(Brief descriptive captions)
○ ○ ○
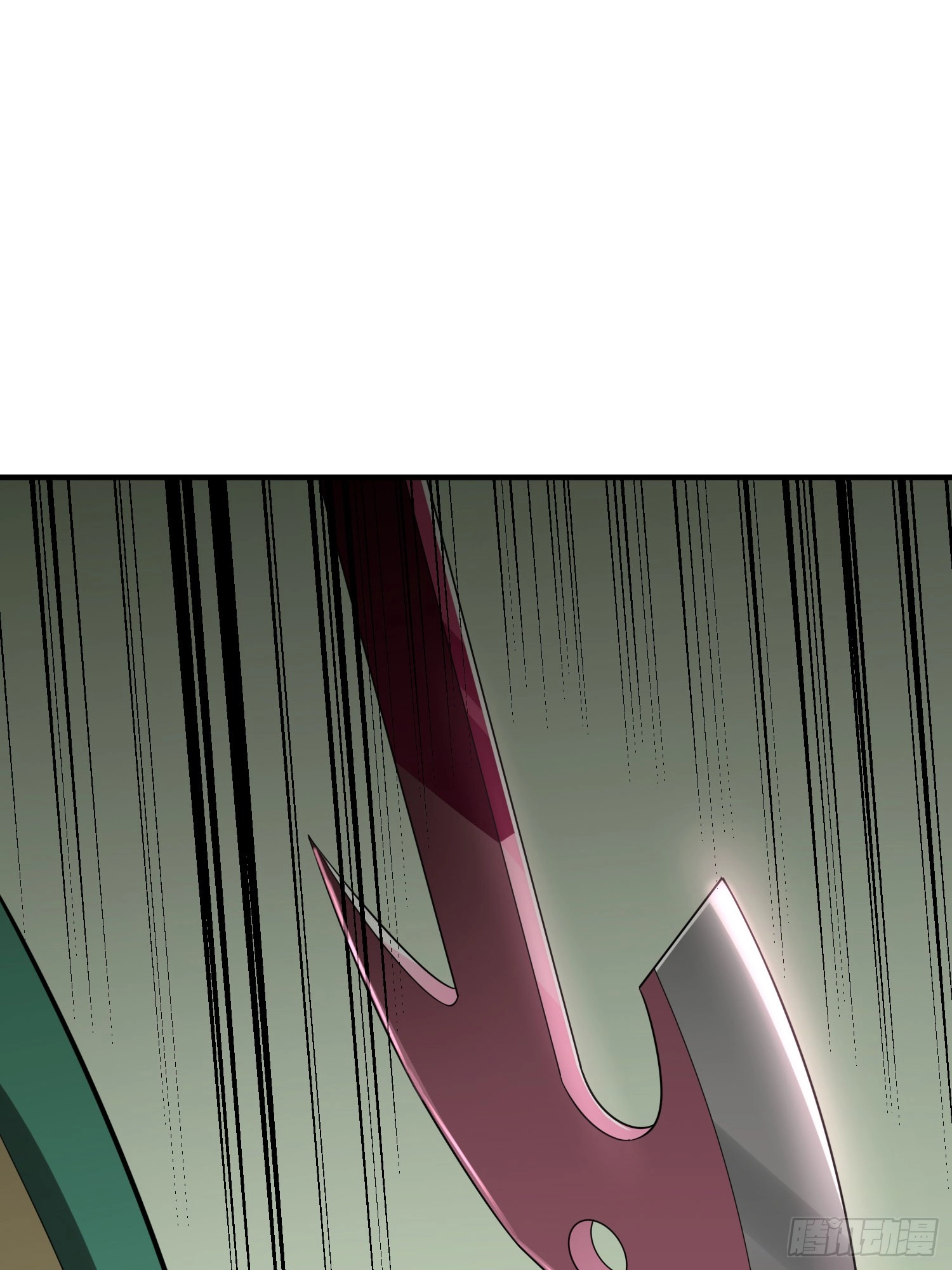 Lucky Rookie Chapter 128 page 68 - 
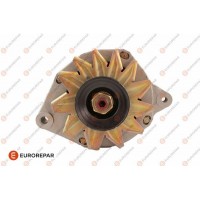 1638110480 EUROREPAR Генератор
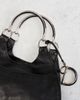 dior Dior 61 Hobo Bag - 9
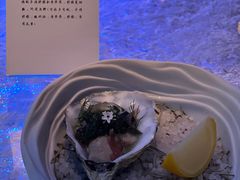 -九献创意菜·新中式(亮马河花园私宴店)
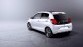 Nieuwe Peugeot 108 ook met roldakje
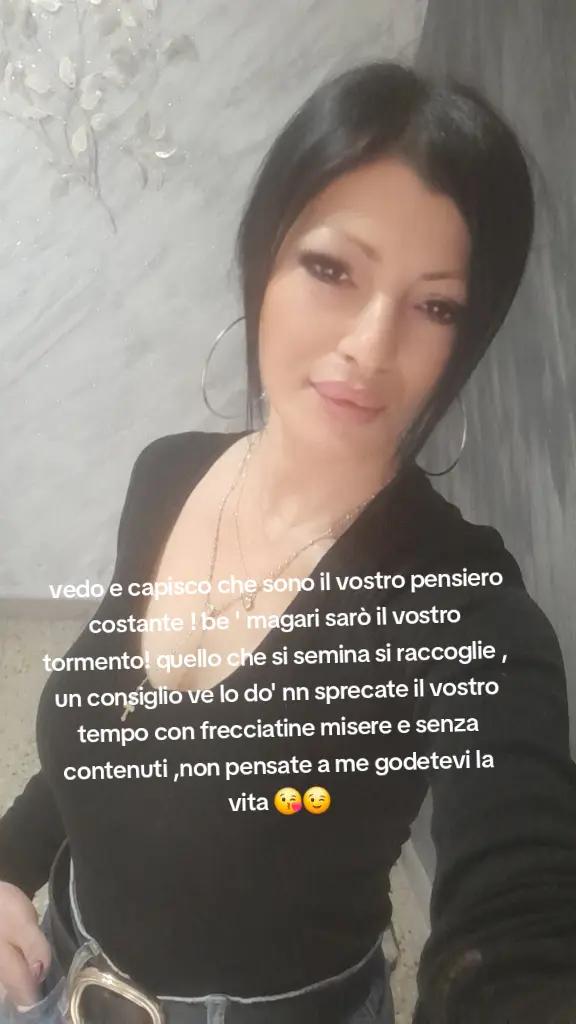@IL MONDO DI MARY GRACE 🌹R&V
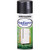 Rust-Oleum 7886830 12oz Gloss Black Appliance Specialty Spray Paint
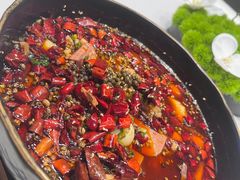 -好友缘酒家(会展中心店)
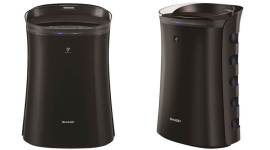 Sharp air purifier, Sharp mosquito catcher air purifier, Sharp FP FM40E air purifier, good air purifier, top air purifier, Sharp FP FM40E air purifier review, Sharp FP FM40E air purifier price in India, Sharp FP FM40E air purifier features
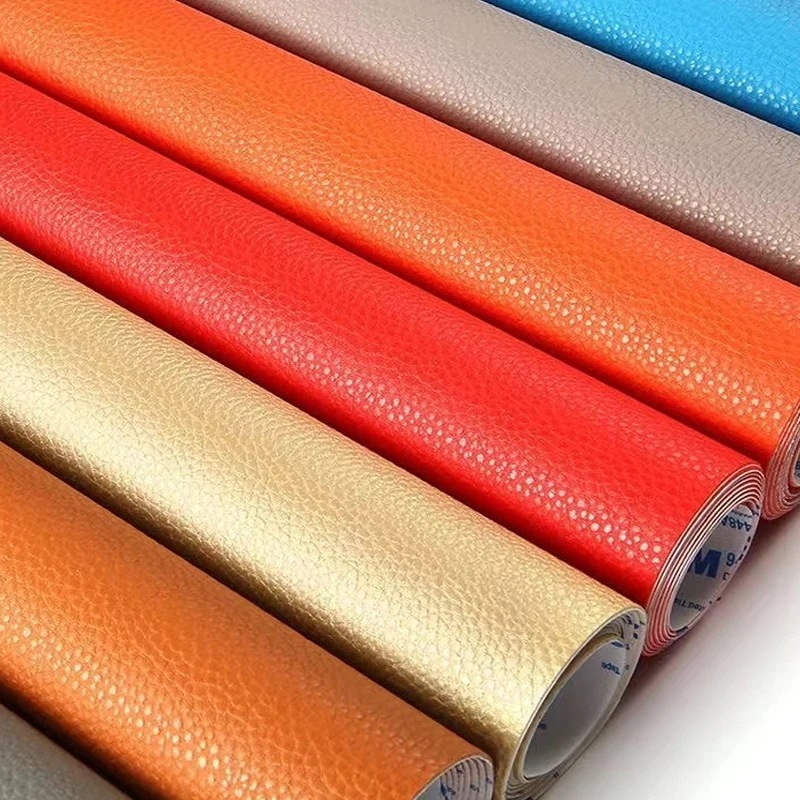 革修理パッチ,接着剤,布,おむつ,スツール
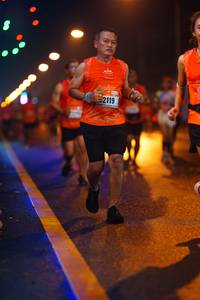 BIB: 2119
                            <button type="button" onclick="openModal(17548062)" class="btn btn-primary btn-sm float-right btn-popup" data-toggle="modal" data-target=".modal-high-quality">
                        <i class="fas fa-shopping-cart"></i> Add to Cart
                    </button>
                                            <button type="button" onclick="isThisMe(17548062, true)" class="btn btn-success btn-sm float-right btn-popup btn-isme hidden" data-toggle="tooltip" data-placement="bottom" title="นี่คือรูปของคุณใช่ไหม คลิกที่นี่เพื่อเอาเข้าอัลบั้ม">
                        <i class="fas fa-plus"></i> Add to album
                    </button>
                    <button type="button" onclick="isThisMe(17548062, false)" class="btn btn-warning btn-sm float-right btn-popup btn-isnotme hidden">
                        <i class="fas fa-ban"></i> Remove from album
                    </button>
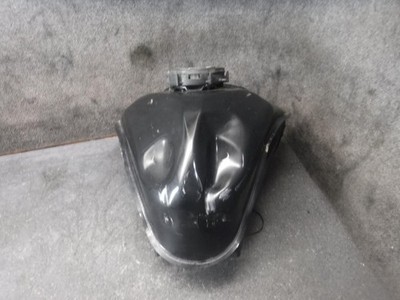 18 BMW G310 R G310R Gas Fuel Tank 14U | eBay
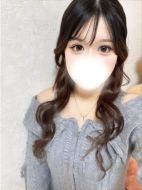 wet-いよ(体験)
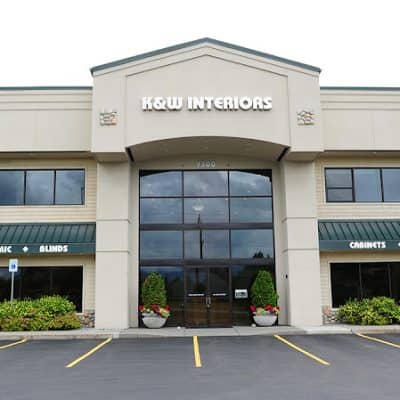 K&W Interiors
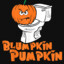 Blumpkin Blunderbuss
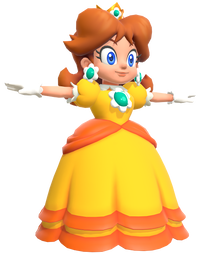 Daisy SMBW Model.png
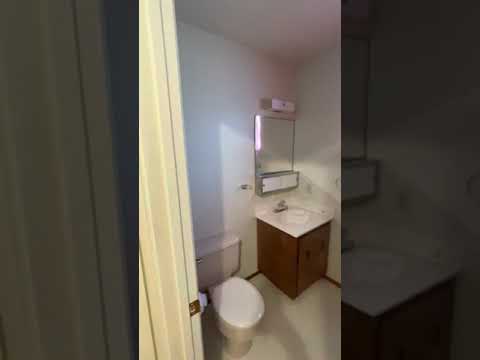 320 Beelard Drive - Video 2 of 2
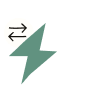 Icon-Lead gen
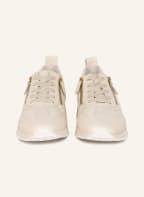 Gabor Sneaker, Farbe: CREME (Bild 1)
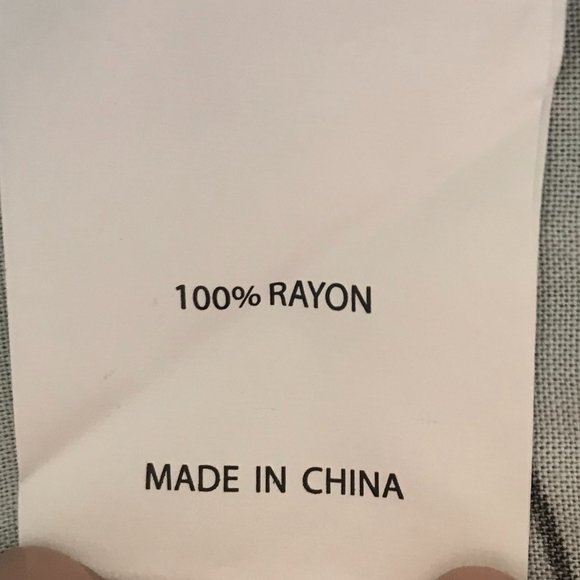 Molokai Surf Button-Up Shirt (NWT) - Picture 12 of 13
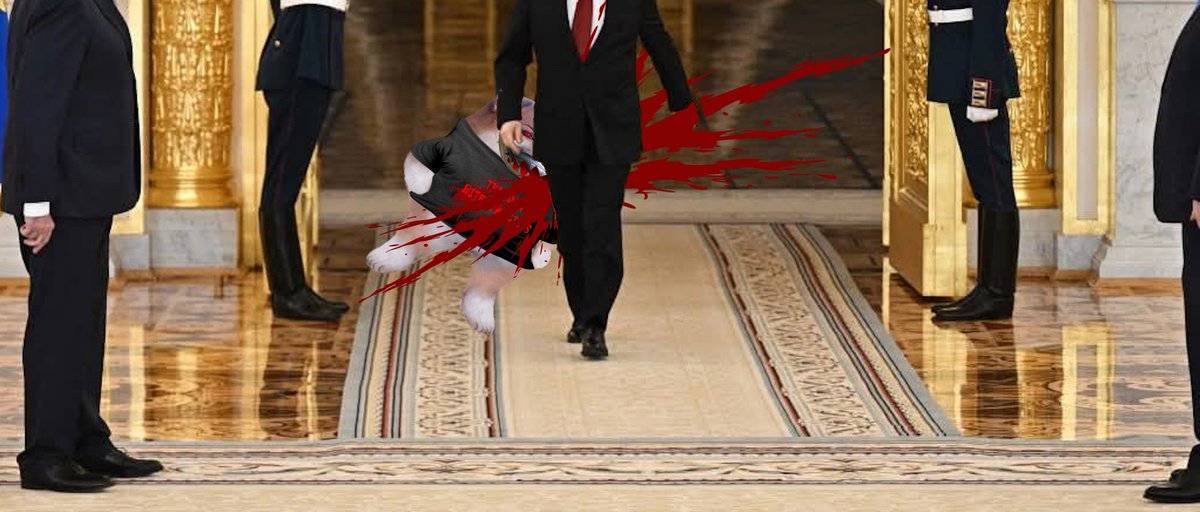 Tony Keene 🇪🇺🇮🇪🇺🇦 tweet media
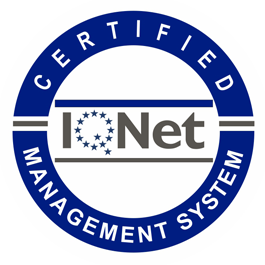 certificare iqnet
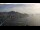 Webcam in Hong Kong, 15.4 km entfernt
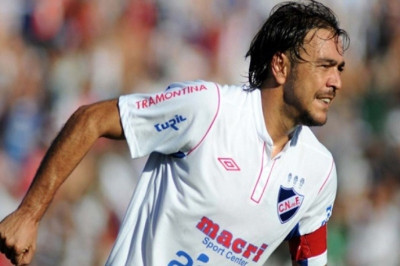 Νασιονάλ: «Ζωγράφισε» και πάλι ο Ρεκόμπα! (video)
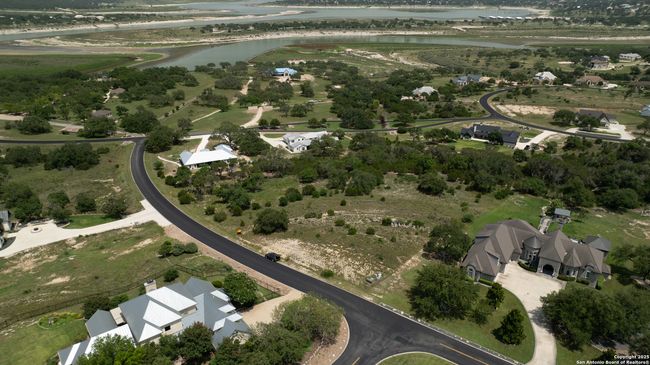 161 Puzzle Pass, Home with 0 bedrooms, 0 bathrooms and null parking in Spring Branch TX | Image 16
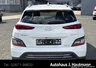 Hyundai Kona Trend 2WD *ACC*RFK*SHZ*Navi*AppleCP* – Vorschaubild 4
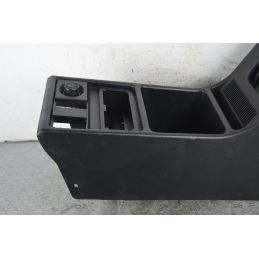 Tunnel Centrale Fiat Regata Dal 19883 al 1990 Cod 224541  1740481703302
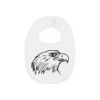 Baby Bib Thumbnail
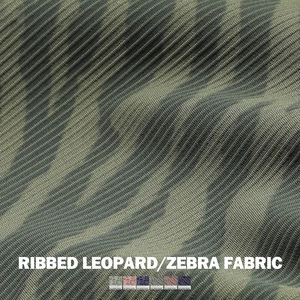 Fitness Wear Wholesale Custom <b>Ladies</b> Plus Size Activewear <b>Sports</b> <b>Bra</b> Leggings 2 Pieces Gym Women Yoga Sets Customized OEM - Product Image 4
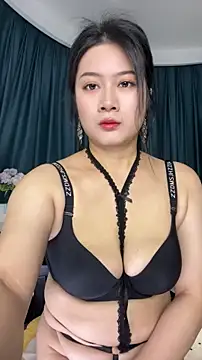 Snapshot of mo-mo-69 chatting on 06-10-26, 08:35 mo-mo-69 online show from 06-10-26, 08:35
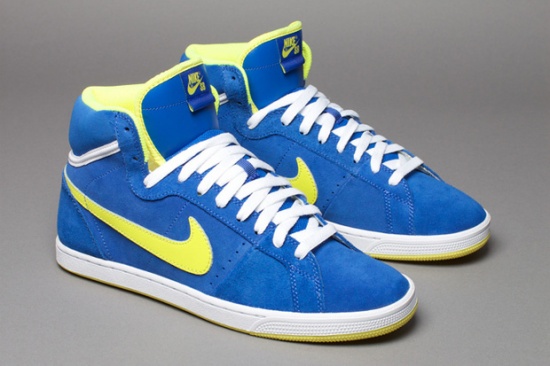 nike sb may2010 releases 5 Nike SB 2010 年5月份新發表 圖片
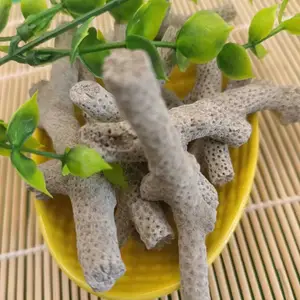 ɺ��ɰ����ˮ�����ˮ���쾰ɺ����ˮ����ֳ�зԴͷ����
○ ○ ○
What this task involves -
Please copy each line of the entries in which the word "isThisMe" shows up.

Output of the exercise -
                                            <button type="button" onclick="isThisMe(17548062, true)" class="btn btn-success btn-sm float-right btn-popup btn-isme hidden" data-toggle="tooltip" data-placement="bottom" title="นี่คือรูปของคุณใช่ไหม คลิกที่นี่เพื่อเอาเข้าอัลบั้ม">
                    <button type="button" onclick="isThisMe(17548062, false)" class="btn btn-warning btn-sm float-right btn-popup btn-isnotme hidden">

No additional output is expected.